Wrickford Welcome, setting up the metal shear to cut blanks.

 

When Peter Voss met with Boeing, Airbus and other Shimco customers 10 years ago, their main concern was on-time delivery and top-notch quality. No longer.

“Those are just a given now; they don’t even want to discuss them anymore,” says Voss, president and CEO of Shimco, a company based in Cambridge, Ontario, that designs and manufactures precision parts for aviation companies around the world. “Now they want only suppliers that are innovative and growing, investing in people and technology, that sort of thing. They don’t want to partner with somebody that’s going to be outdated in five or 10 years.”

Shimco is a fine example of a Canadian manufacturer making the necessary—and sometimes painful—transition to the knowledge-based economy.

Instead of producing only structural parts, the company also develops sensors that collect, transmit and analyze data on the health of an aircraft’s structure. This data on wear-and-tear enables plane makers to streamline maintenance and repair processes. Shimco is also exploring a new way to protect aluminum from corrosion through a process known as anodizing. “We are working on developing the best form of anodizing in the world—a form that is benign both to humans and the environment,” says Voss.

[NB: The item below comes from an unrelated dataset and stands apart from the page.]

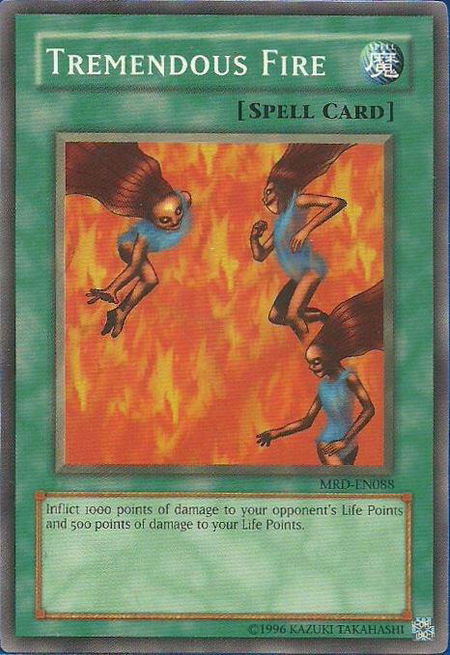 Tremendous Fire - Metal Raiders (Worldwide English) YuGiOh trading card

Both the sensor and anodizing projects involve collaboration with universities, another hallmark of cutting-edge, knowledge-based Canadian businesses.  

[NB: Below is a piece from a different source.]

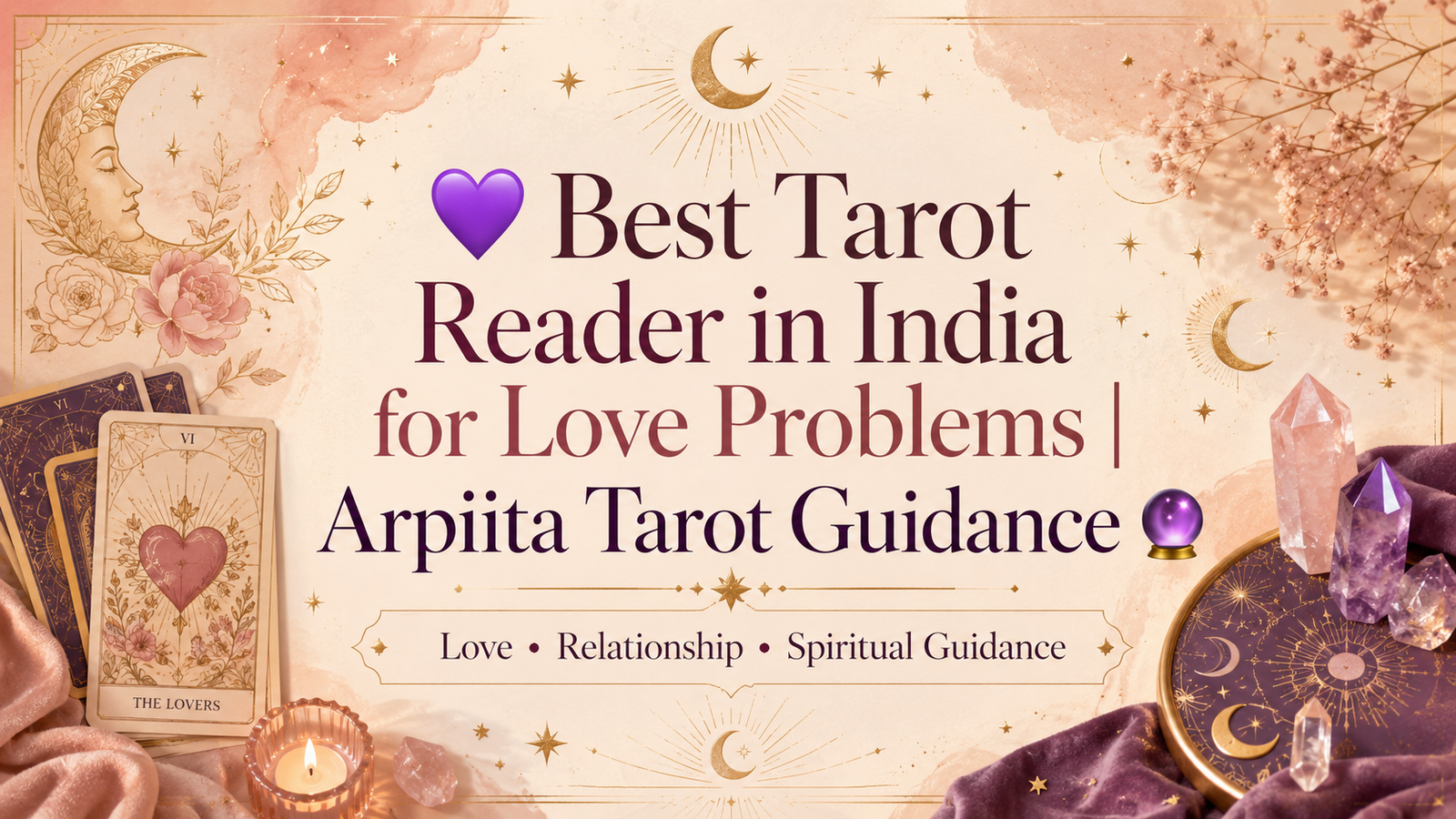 💜 Best Tarot Reader in India for Love Problems | Arpiita Tarot Guidance 🔮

Making the transition is not always easy. As Voss puts it, “A lot of traditional businesses aren’t really geared to moving from manufacturing to more advanced technology. People get very comfortable. They’re making good money, they have a good lifestyle.”

One way that Shimco encourages its 37-strong workforce to adjust to new thinking is by hiring younger staff—who bring new ideas—and through quarterly updates on how the company is innovating.

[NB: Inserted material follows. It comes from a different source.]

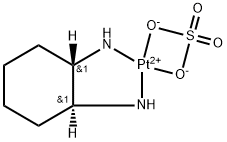 azanide, cyclohexanamine, platinum(+4) cation, trisulfate 化学構造式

“We just keep driving the philosophy that we are in a very competitive global market and we have to keep innovating and reinventing what we’re doing,” Voss says. “It’s almost like a collective attitude here. Everybody works towards the same goal.”

In another sign of its enterprising spirit, Shimco is eager to take advantage of recent trade pacts signed by Canada, notably the Comprehensive and Progressive Agreement for Trans-Pacific Partnership (CPTPP) and the Comprehensive Economic and Trade Agreement (CETA) with the European Union.

“We’re seeing a little more activity in Asia and Europe,” Voss notes. “But in our industry, it takes three to five years from first contact to delivery. It’s a pretty long process.”

Trade deals like the CPTPP and CETA often launch with a bang, but their enduring value to businesses like Shimco is the confidence they instill—the confidence needed to invest in and commit to new markets.